Busco “últimos milagros certificados por la Iglesia Católica” y casi todo lo que encuentro se refiere a Lourdes. Para el asunto de hoy, da igual Lourdes que Cellorigo. Me dicen que visitan Lourdes cada año unos 6 millones de personas; que en sus 164 años de existencia, la Iglesia ha reconocido 70 milagros y 7.200 curaciones inexplicables; y que de 1999 a 2018, se han reconocido 5 milagros, los últimos.
Impresionan las cifras, aunque las consideraciones estadísticas o científicas poco tienen que decir al respecto. La ciencia no entra a valorar o certificar hechos milagrosos y sin embargo la Iglesia tiene a su disposición comités científicos para decidir, según siete criterios establecidos, si ha habido o no milagro en tal o cual hecho inexplicable.
Muchas veces se dice que ciencia y religión son dos estratos o caminos que no se entrecruzan ni se contradicen ni entran en conflicto: la religión se funda en creer, la ciencia en demostrar. La ciencia no puede invalidar creencias que para ella son opiniones y la religión no pretende hacer ciencia de lo que cree.
Sin embargo, en el caso de los milagros sí se da una fusión o mixtura de ciencia y creencia, incluso colisión entre ambas, porque en los milagros hay una quiebra de las leyes que rigen los fenómenos naturales. Pero, como decimos, es la Iglesia la que pretende demostrar “científicamente” que en tales acontecimientos hay una intervención sobrenatural, para deducir con ello, a fin de cuentas, la existencia de Dios y del mundo supra natural. ¿Es válido tal proceder?
Está en juego, para poder validar científicamente tal hecho extraordinario, el asunto de la “verificación”. Así, mientras no se demuestre científicamente que la Virgen o tal santo curaron a tal persona –cómo, con qué medios, de qué manera, garantía de verdad, comprobación, experimentación y repetición del “suceso”, extensión a otros casos y falsación— no se puede hablar de milagro, científicamente, al estilo de Jesucristo poniendo la mano sobre el enfermo.
No es asunto menor la certificación de un milagro, porque de ello depende la magnificación, llámese si se quiere “santificación”, de una persona que en vida demostró cualidades extraordinarias y que merece “subir a los altares”, porque por su intercesión la fuerza de Dios ha obrado el milagro objeto de certificación oficial.
Pasemos ahora al mundo de las personas “normales”. Los milagros interesan poco o nada, especialmente al mundo científico, que los considera más o menos “falacias de la credulidad”. Las hipótesis de trabajo para esclarecer tales hechos portentosos podrían ser muchas, pero he aquí una, por si sirve: ¿por qué en vez de asignar intervención sobrenatural no se investiga la fuerza de convicción de la mente que “obliga” al cuerpo a someterse a los “deseos” de vivir?
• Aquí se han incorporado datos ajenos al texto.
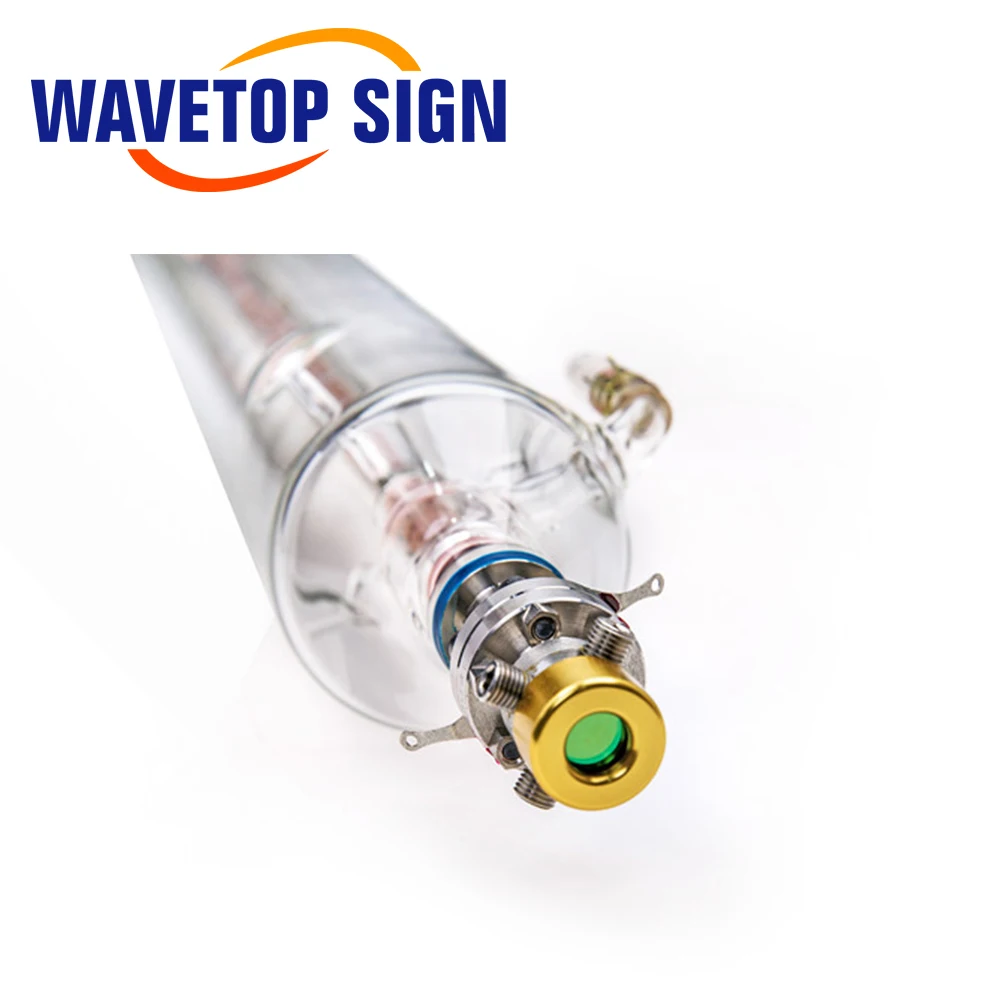 WaveTopSign 80W Co2แก้วหลอดเลเซอร์บวกแรงดันไฟฟ้าสูง80X1280มม.เลเซอร์สำหรับ CO2เลเซอร์แกะสลักและเครื่องตัด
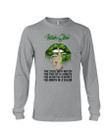 Irish Girl The Soul Of A Witch Clover Lips St Patrick's Day Gift Unisex Long Sleeve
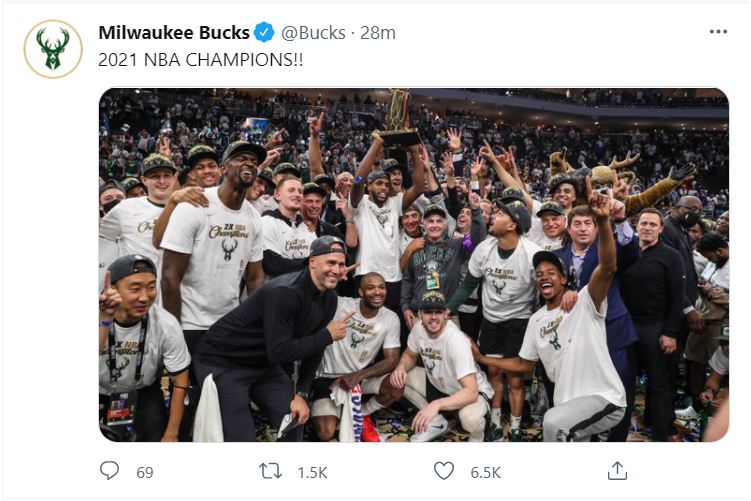 Bucks, campeones de la NBA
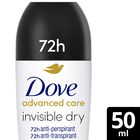 Desodorante en roll-on 0% Dove 50ml Invisible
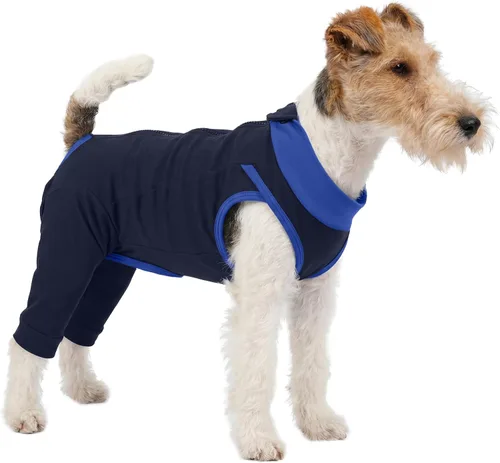 Miniatura 7 de Traje de recuperación para perros para piernas traseras, pantalones para perros para evitar lamer, manga para perros, piernas traseras y abdomen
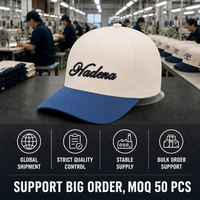 Casquette de baseball classique structurée à 5 panneaux, bicolore, brodée, à visière incurvée, de haute qualité, avec logo personnalisé, pour le sport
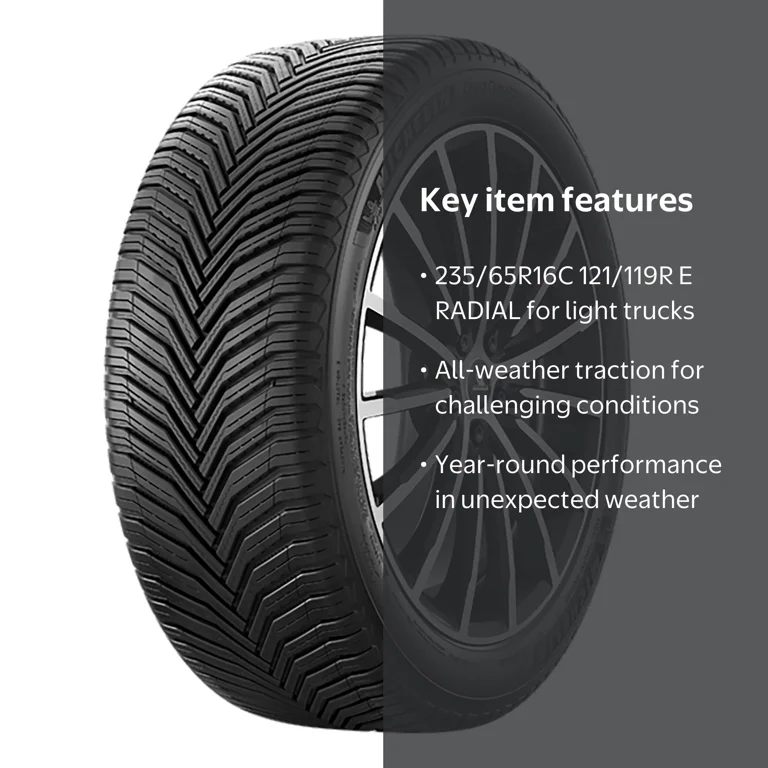 195/65R16 ② Michelin Agilis CrossClimate 2 235/65R16C 121/119R E Radial Light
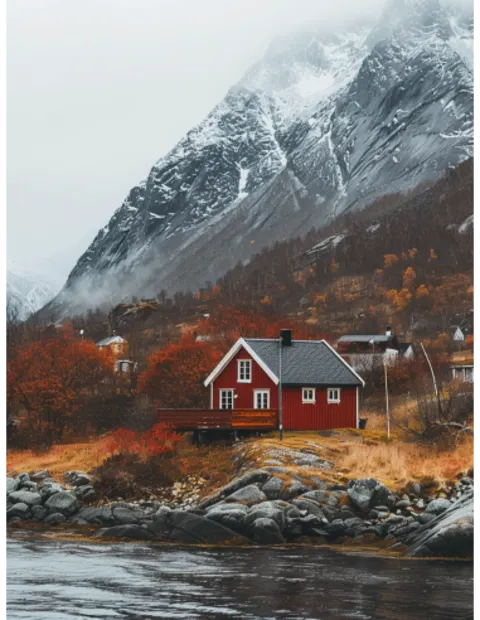 Plakatas „Norvegija, Lofoten“ – kelionių plakatas | Framein
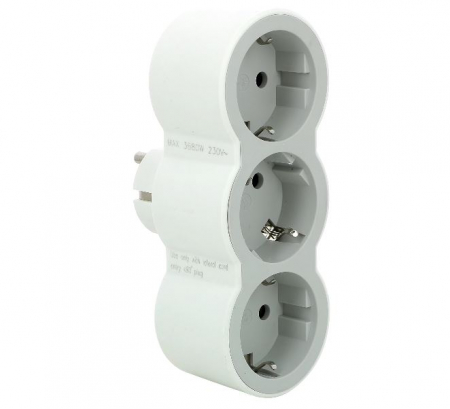 Stechere & Cuple - Triplu stecher cu 3 iesiri frontale LEGRAND 694518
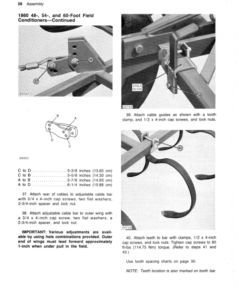 Alternative view of John Deere 1850, 1860 Field Conditioners Operator's Manual (OMGA11534)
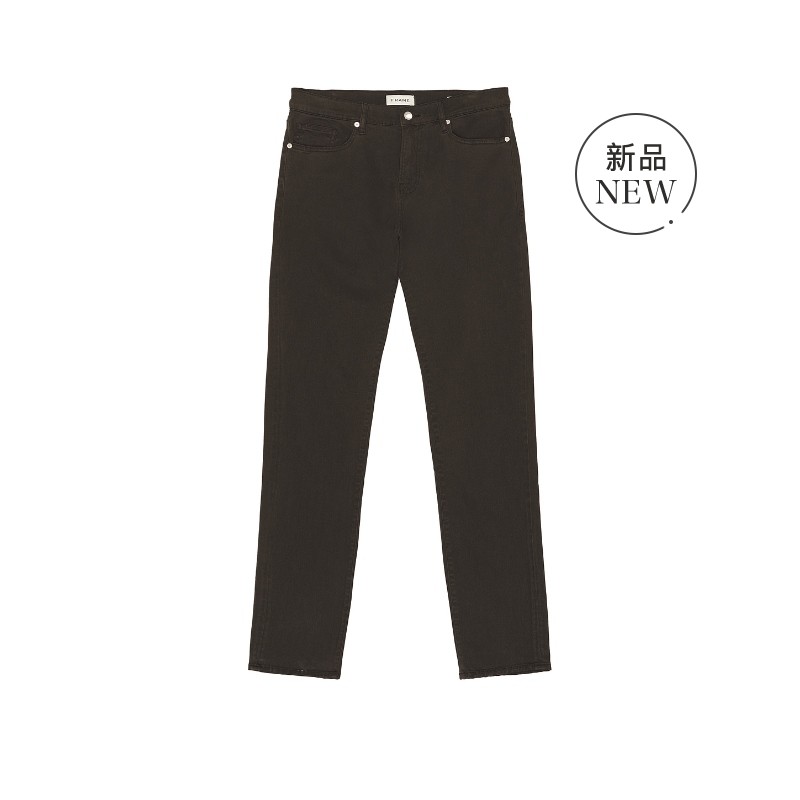 FRAME 牛仔裤 巧克力色REVOLVE小众新款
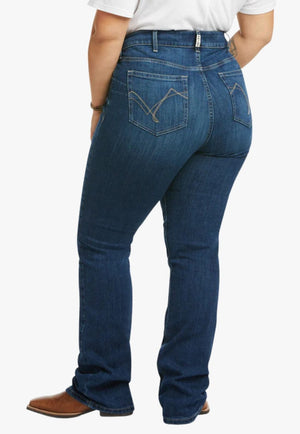 Ariat CLOTHING-Womens Jeans Ariat Womens REAL Perfect Rise Straight Leg Jean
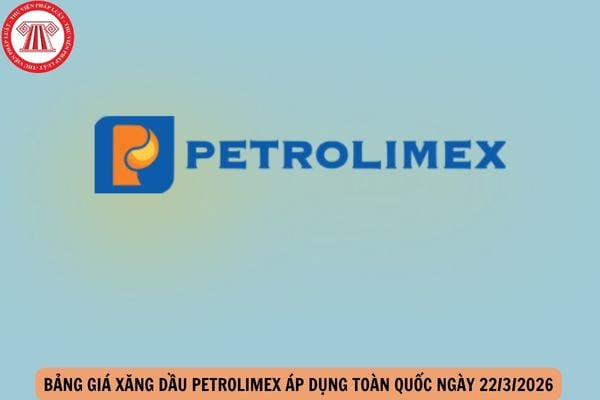 giá xăng petrolimex hôm nay 22 3
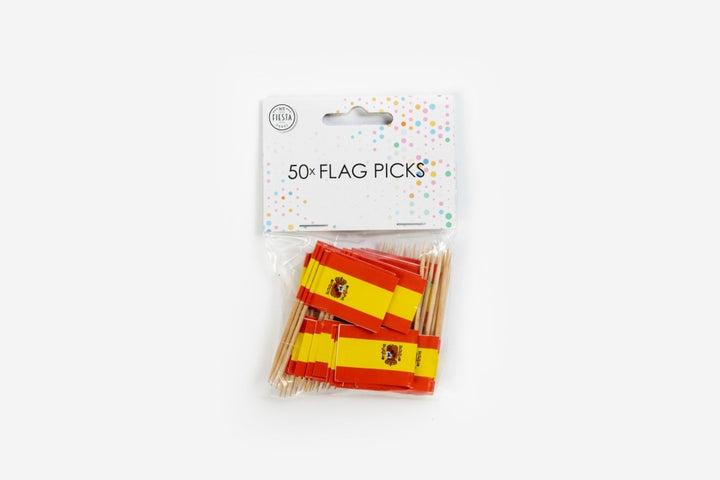 Snack-und-Muffin-Picker-Spanien-Flagge-50-Stück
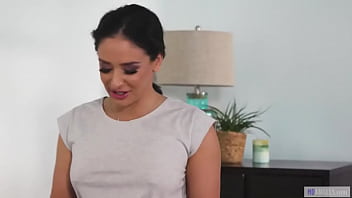 Lonely lesbian stepmom and stepdaughter do it!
El milagro, entonces, no estaría en la virtud de tal virgen o tal santo –más todavía si se le quiere “santificar”-- sino en la propia persona.
Respecto al amplísimo espectro de los milagros del pasado, al hablar de ellos preciso es retrotraernos a las fuentes de donde surgen estas, digámoslo sin ambages, farsas científicas. Pongamos una venda previa a la herida que producen determinadas afirmaciones respecto a los milagros.
Dicen algunos que no podemos leer tales relatos milagreros con criterios actuales y que da igual que se hicieran o no dichos milagros y de que muchos de ellos eran producto de la sugestión. Sí, pero son formas inadmisibles de magnificar a un personaje.
Siguiendo ese criterio que algunos creyentes sostienen, a saber, que los milagros se deben “interpretar” no tanto como hechos reales sino como apologías, por lo mismo también se podrían interpretar, como actos figurados o imaginarios, todo lo que se afirma en el Nuevo Testamento: la "última cena", la pasión, la resurrección...: todo es simbólico. ¿Es que cuando algo no se entiende, hay que convertirlo en símbolo?